Please reproduce the lines of the records below from the one holding "Фото Honda CD125T BENLY с японского аукциона" through the one holding "Trimits Seed Beads 2mm 8g Various Colours", inclusive, skipping all pictures.

DATA FOR REVIEW
-- Opening Marker --
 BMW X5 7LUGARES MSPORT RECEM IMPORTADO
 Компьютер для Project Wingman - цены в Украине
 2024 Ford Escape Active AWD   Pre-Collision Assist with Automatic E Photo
-- Closing Marker --
-- Opening Marker --
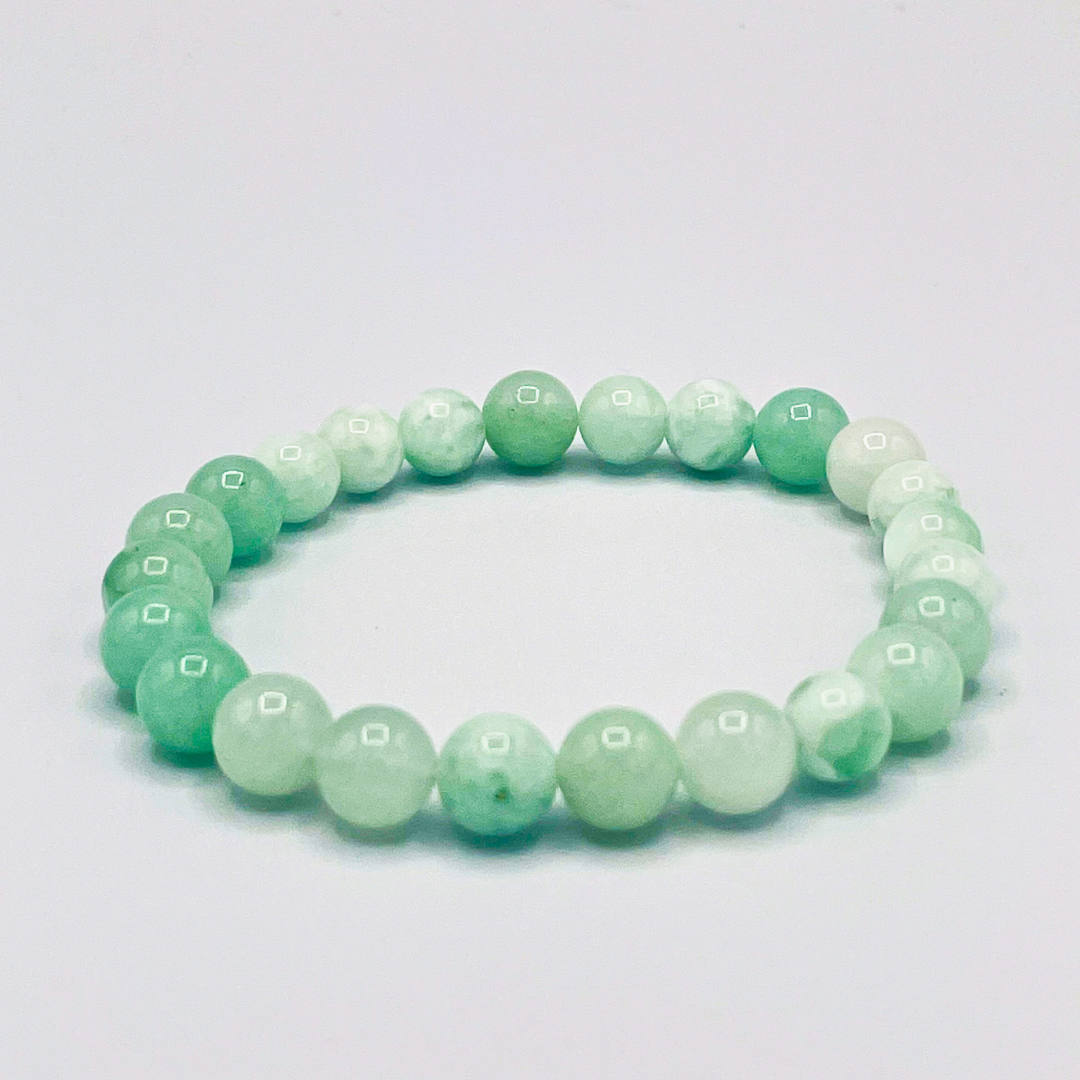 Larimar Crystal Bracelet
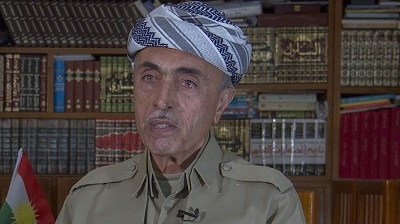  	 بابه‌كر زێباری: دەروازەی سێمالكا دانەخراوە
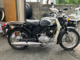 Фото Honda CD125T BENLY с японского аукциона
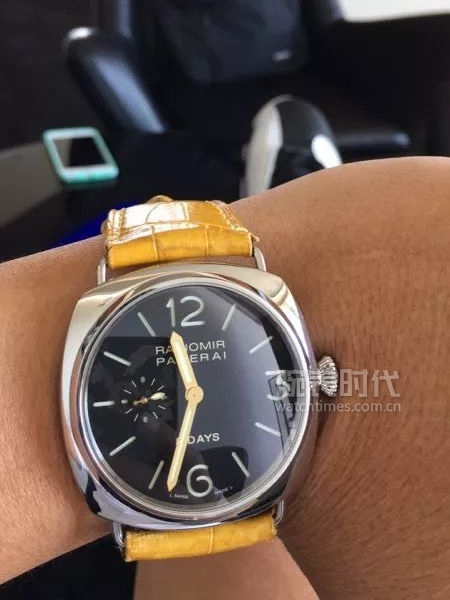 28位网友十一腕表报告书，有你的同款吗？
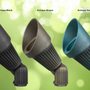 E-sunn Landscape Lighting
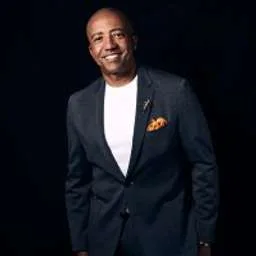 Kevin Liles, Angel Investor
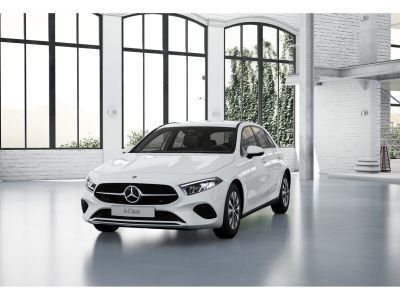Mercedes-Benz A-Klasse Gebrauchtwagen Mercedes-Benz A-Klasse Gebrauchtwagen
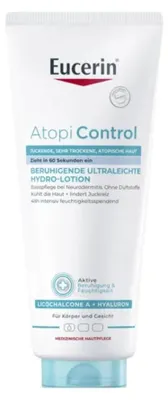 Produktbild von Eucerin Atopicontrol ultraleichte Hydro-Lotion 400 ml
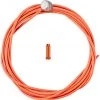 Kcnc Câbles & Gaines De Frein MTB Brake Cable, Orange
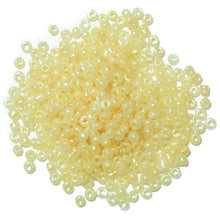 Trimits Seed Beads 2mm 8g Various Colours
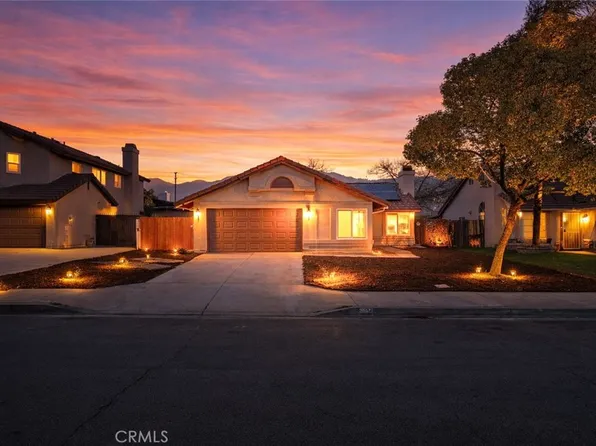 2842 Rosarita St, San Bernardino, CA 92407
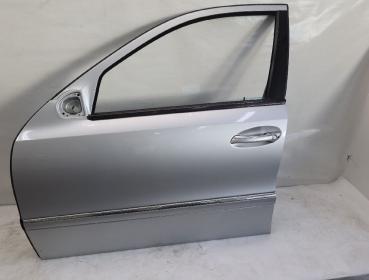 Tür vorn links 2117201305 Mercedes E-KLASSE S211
-- Closing Marker --
-- Opening Marker --
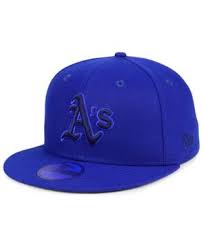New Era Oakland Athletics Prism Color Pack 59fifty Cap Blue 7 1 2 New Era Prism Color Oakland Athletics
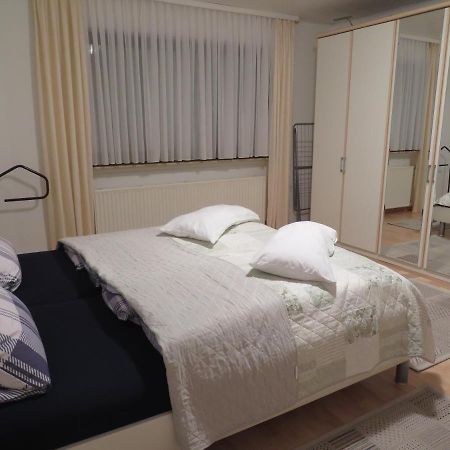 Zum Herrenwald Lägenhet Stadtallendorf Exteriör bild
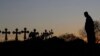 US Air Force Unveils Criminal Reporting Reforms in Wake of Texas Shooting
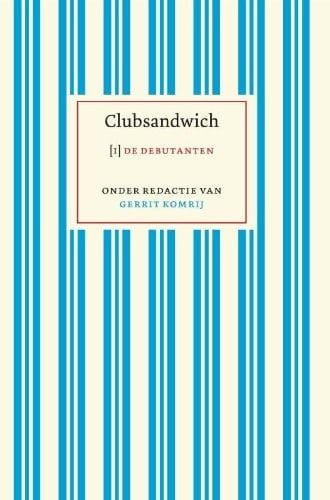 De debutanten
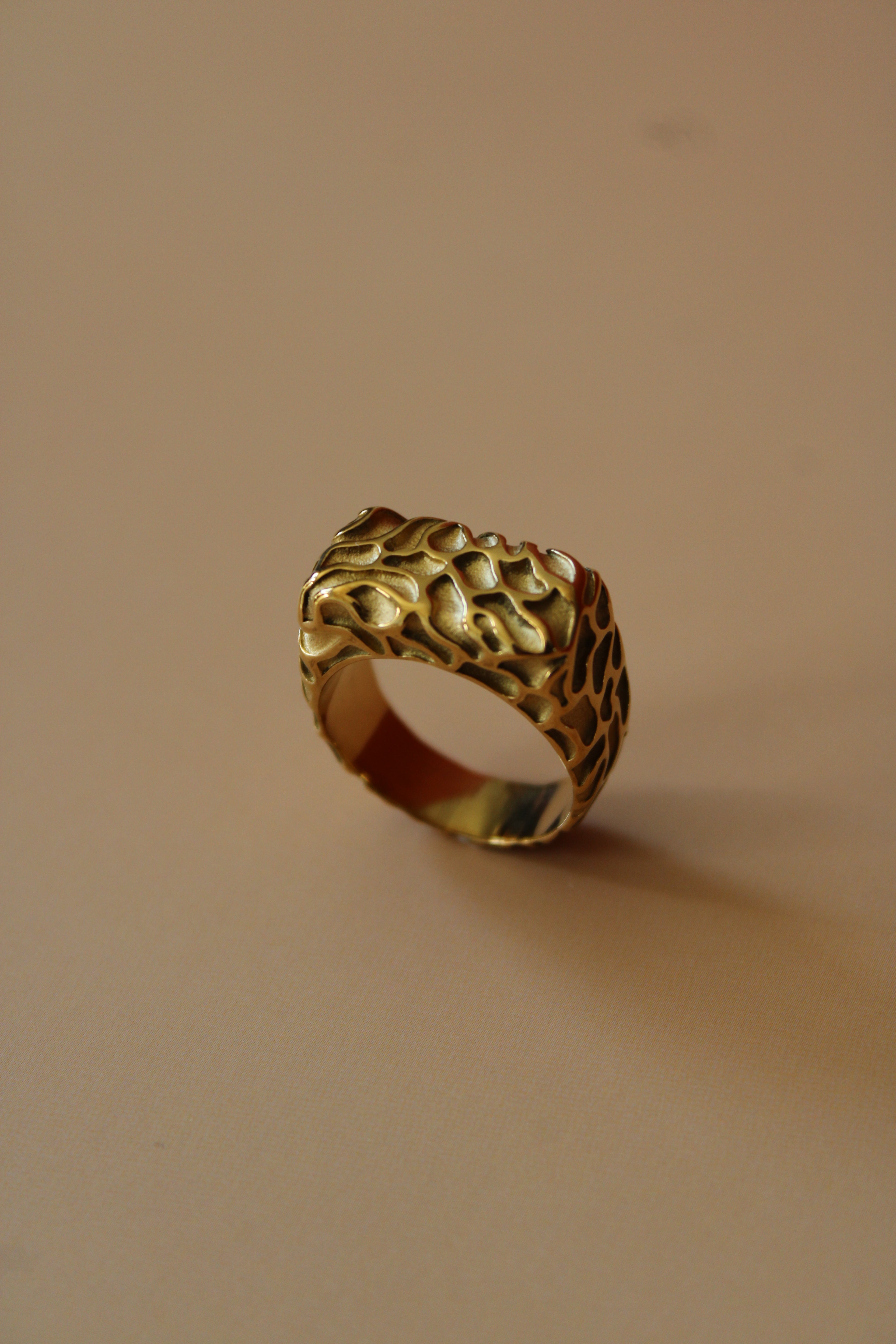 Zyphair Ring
-- Closing Marker --
FINISHED EXERCISE
 Фото Honda CD125T BENLY с японского аукциона
 28位网友十一腕表报告书，有你的同款吗？
 E-sunn Landscape Lighting
 Kevin Liles, Angel Investor
Mercedes-Benz A-Klasse Gebrauchtwagen Mercedes-Benz A-Klasse Gebrauchtwagen
 Produktbild von Eucerin Atopicontrol ultraleichte Hydro-Lotion 400 ml
 Kcnc Câbles & Gaines De Frein MTB Brake Cable, Orange
 Trimits Seed Beads 2mm 8g Various Colours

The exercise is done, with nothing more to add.